**** Input data ****

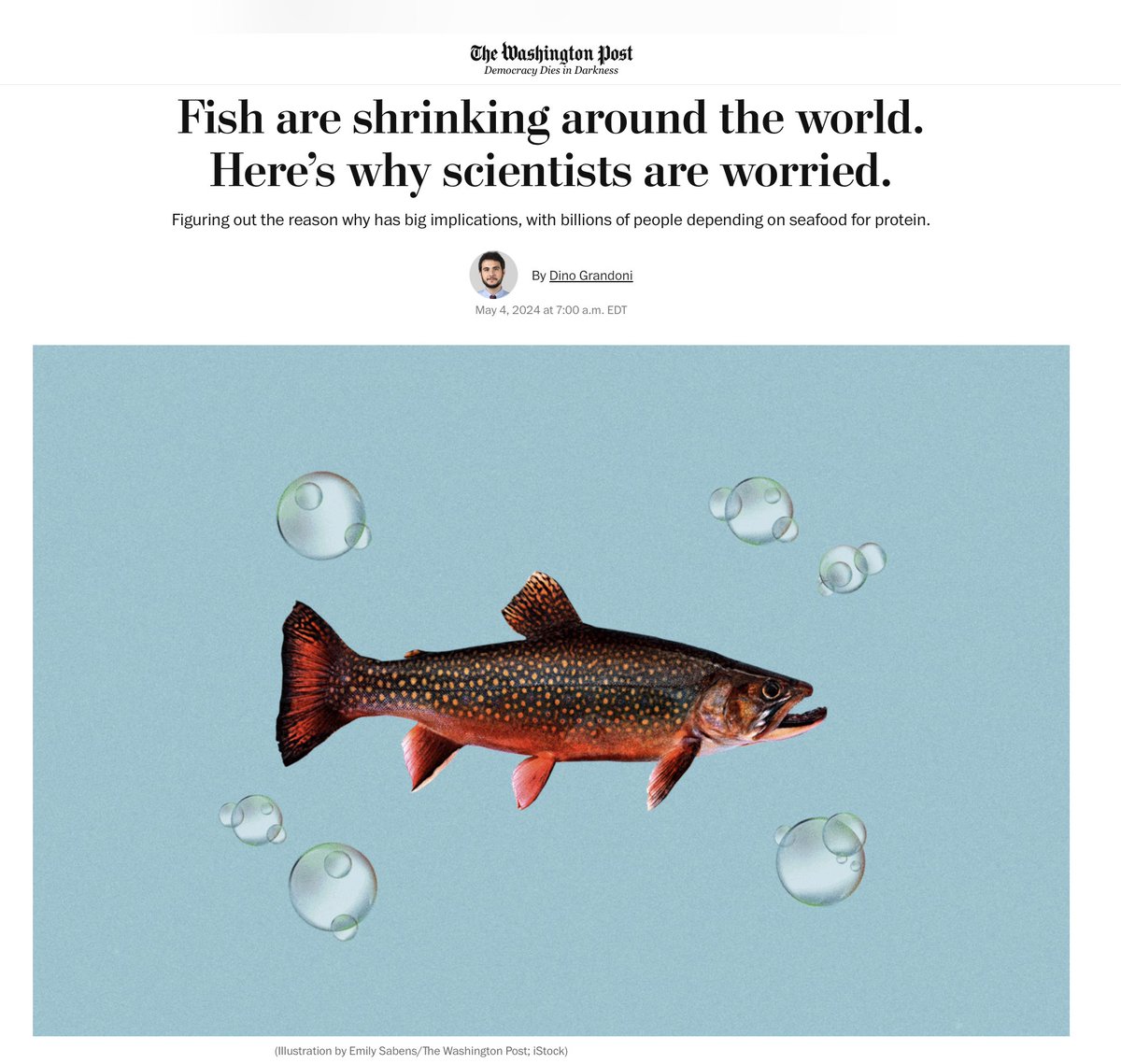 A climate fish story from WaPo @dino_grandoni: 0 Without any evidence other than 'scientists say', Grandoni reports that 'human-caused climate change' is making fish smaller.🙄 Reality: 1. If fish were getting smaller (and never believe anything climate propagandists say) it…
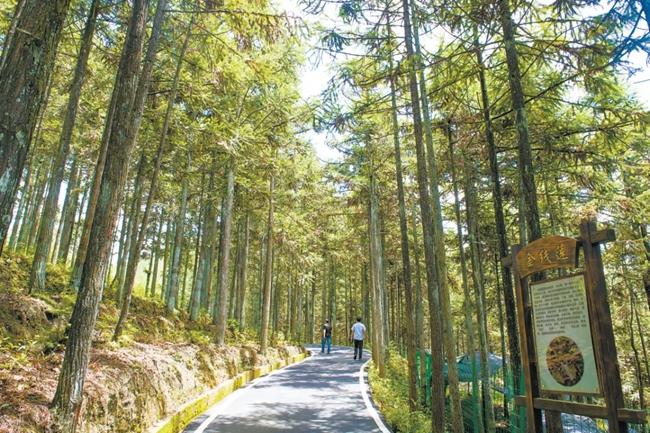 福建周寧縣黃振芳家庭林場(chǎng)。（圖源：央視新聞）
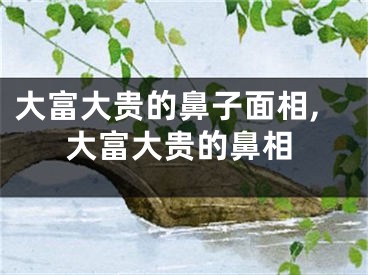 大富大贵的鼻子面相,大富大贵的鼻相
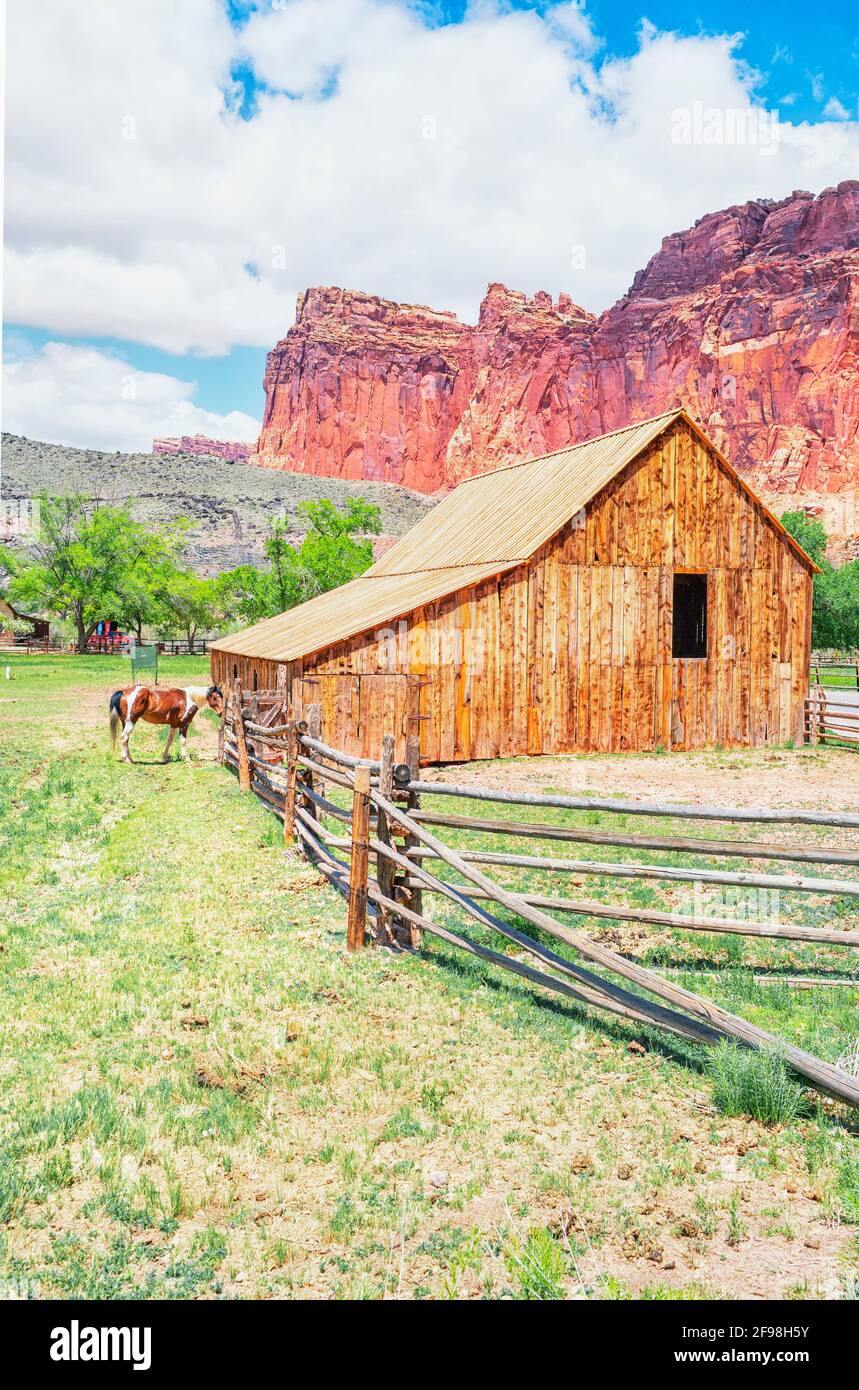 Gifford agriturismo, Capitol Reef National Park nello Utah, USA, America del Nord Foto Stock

****

Exercise goal =
An exact transcript of the listing is needed, free of pictures.

Answer section =
 A climate fish story from WaPo @dino_grandoni: 0 Without any evidence other than 'scientists say', Grandoni reports that 'human-caused climate change' is making fish smaller.🙄 Reality: 1. If fish were getting smaller (and never believe anything climate propagandists say) it…
 福建周寧縣黃振芳家庭林場(chǎng)。（圖源：央視新聞）
 大富大贵的鼻子面相,大富大贵的鼻相
 Gifford agriturismo, Capitol Reef National Park nello Utah, USA, America del Nord Foto Stock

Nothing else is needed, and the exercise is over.